Okay, we've got through most of the bad, now we can focus on the good.
Fang and Dylan's character developments were interesting, with Fang becoming less sulky and more mature, even managing to man up and return to Max (as if nothing had happened, which is another thing wrong with this book), and Dylan wasn't as irritating in the other books, as in, I didn't wan to punch him in the face (as much). He had a bit more depth to him in this one, and he malfunctions and stuff, so we see some character development in him in this one. Unfortunately, the same can't be said about the previous two books.
We had some good action, which kept me entertained for a while, until I realized that it was the equivalent of dangling something shiny in front of a baby, all you're really doing is distracting it from what's really going on. And what was really going on is that THERE IS NO PLOT. But anyway, we had some kick-as fight scenes which were pretty cool, I mean, it's always cool when the flock goes all 'Avengers' on the bad guys.
I'm not quite sure what to make of the fact that Angel was the Voice that manipulated the computers and stuff in the first book. It just seems a bit far-fetched to me and, to be honest, I don't really buy it. JP was just trying to answer questions for the sake of it at this point, and the answer he came up with for this one was a bit absurd. I was just like: "Angel? Really?", which is NOT something the author wants his readers to think, because it affects the credibility of his storyline.

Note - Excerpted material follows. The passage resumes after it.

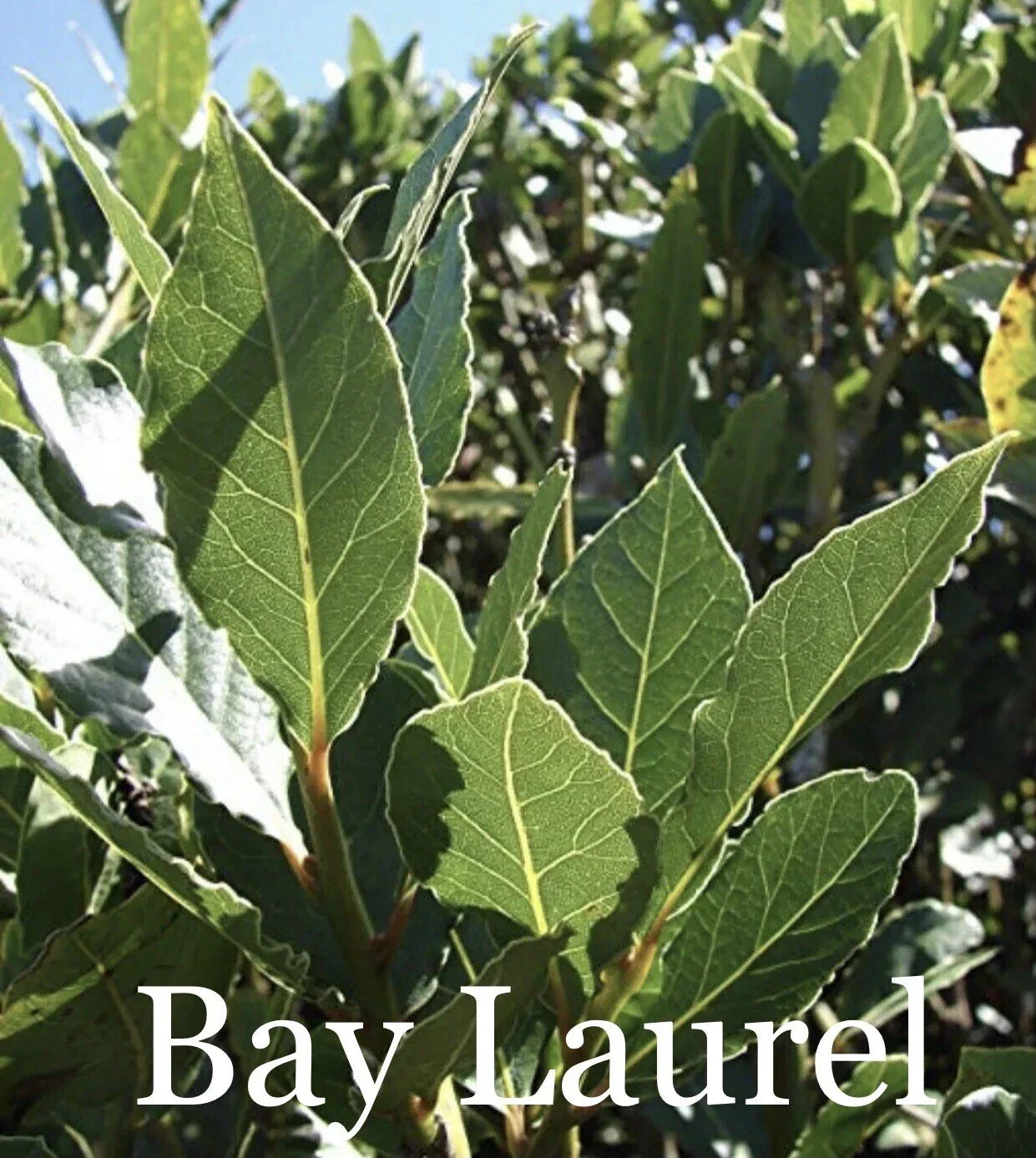 Sweet Laurel Bay Tree Cuttings - 50 Pack Laurus nobilis Evergreen Shrubs for Culinary & Garden Use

In conclusion, I think that James Patterson gave up on this book and just wanted to end it in any way possible. Doesn't he normally take input from co-authors and then steal the credit when this stuff happens? But no, he didn't even had the decency to do that. It was a bad book all around, there wasn't much structure to it, the writing was nothing special, and there was just no substance to it. If you've read the rest of the series, I recommend you read it just for the closure you'll get from it but, be warned, it pretty much sucks. It could have been a bit worse, I guess, but for an author of his calibre it was just disappointing.